SUD-OUEST, mercredi 11 mars 1998
Sud-Ouest. - Diriez-vous, comme d’autres, que les rumeurs d’alliance entre la droite et l’extrême droite font partie d’un « procès perpétuel » instruit par les socialistes ?
François Bayrou. - Ce n’est pas un procès. C’est un argument de campagne électorale. Depuis François Mitterrand, c’est à chaque élection la même histoire. Et nos affirmations, pourtant sans ambiguïté, sont royalement ignorées. La gauche rêve d’une opposition qui se laisserait aller à la soumission face à l’extrême droite. Cela servirait formidablement ses intérêts. L’épouvantail aurait enfin une réalité.
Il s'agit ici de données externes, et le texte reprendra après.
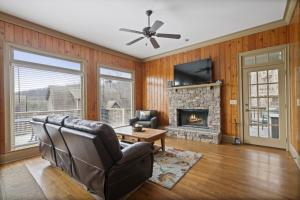 sala de estar con sofá y chimenea en The Laurel Ridge Den in Big Canoe with hot tub, en Marblehill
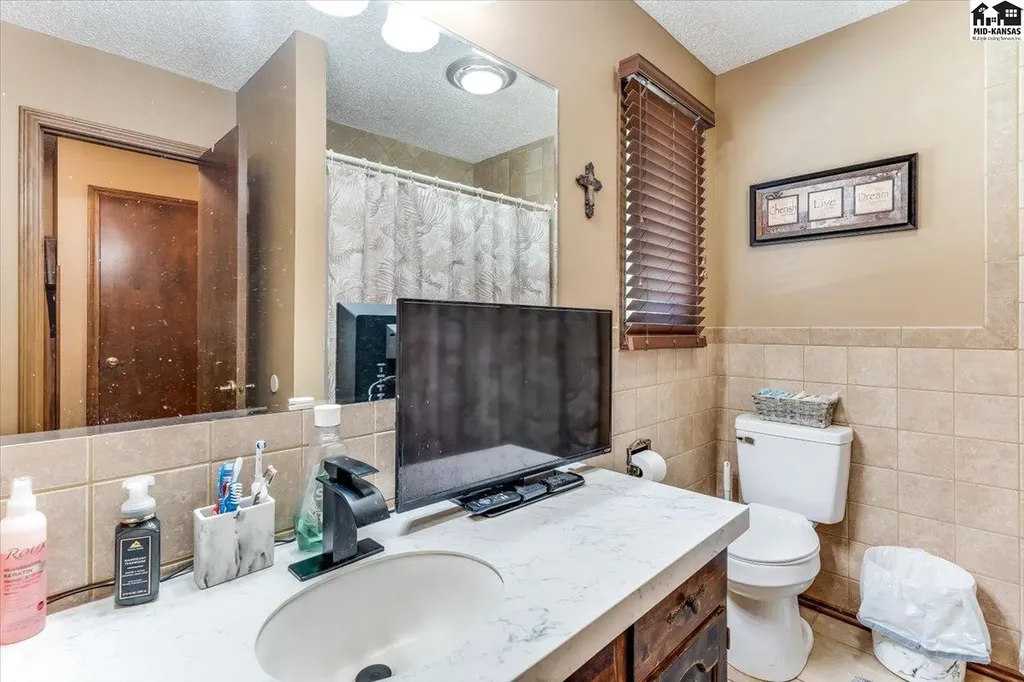 4604 Sequoia Street Hutchinson KS 67502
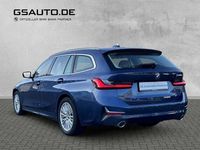 Gebraucht BMW 330e Luxury Line 252 PS (185 kW) 2020 Blau Kombi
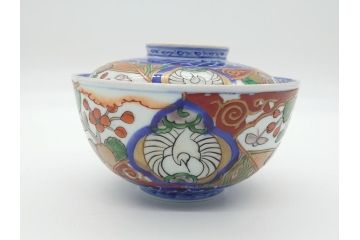 上手物　幕末〜明治期　成化年製　伊万里焼　色絵　金襴手　染付　金彩　花蝶図　鶴　4.4寸　約13cm　色彩豊かな絵付けで食卓が明るくなる蓋付き茶碗3客セット(和食器、和皿、四寸四分)(R-062343)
Pour nous, au contraire, les choses sont simples. Nous pensons que la reconstruction de l’opposition commence par sa reconstruction morale, par la création d’un lien de confiance avec les Français, qui seront sûrs de notre parole. C’est pourquoi je serai intransigeant sur les engagements pris.
S.-O. - Entre les différentes mesures annoncées (cumul des mandats, loi contre l’exclusion, etc.) et les bons indicateurs économiques, quelles raisons pourraient avoir les Français de sanctionner la gauche au pouvoir ?
F. B. - Nous n’en sommes pas encore au temps du bilan définitif qui permet de sanctionner. Le moment que nous vivons, c’est celui de l’avertissement et de la recherche de l’équilibre des pouvoirs. Les bons indices, tout le monde voit bien que ce sont, en grande partie, les résultats de la politique menée avant le mois de mai. Il faut dix-huit mois avant que les conséquences d’une politique se fassent sentir : faites le compte. Et, malheureusement, c’est à long terme que l’on verra la gravité des conséquences des décisions prises aujourd’hui. Je pense par exemple au choix des trente-cinq heures. Le message des citoyens d’aujourd’hui doit donc être un avertissement.
S.-O. - Existe-t-il selon vous un « seuil » de régions perdues à partir duquel le RPR et l’UDF devront revoir complètement leur stratégie ?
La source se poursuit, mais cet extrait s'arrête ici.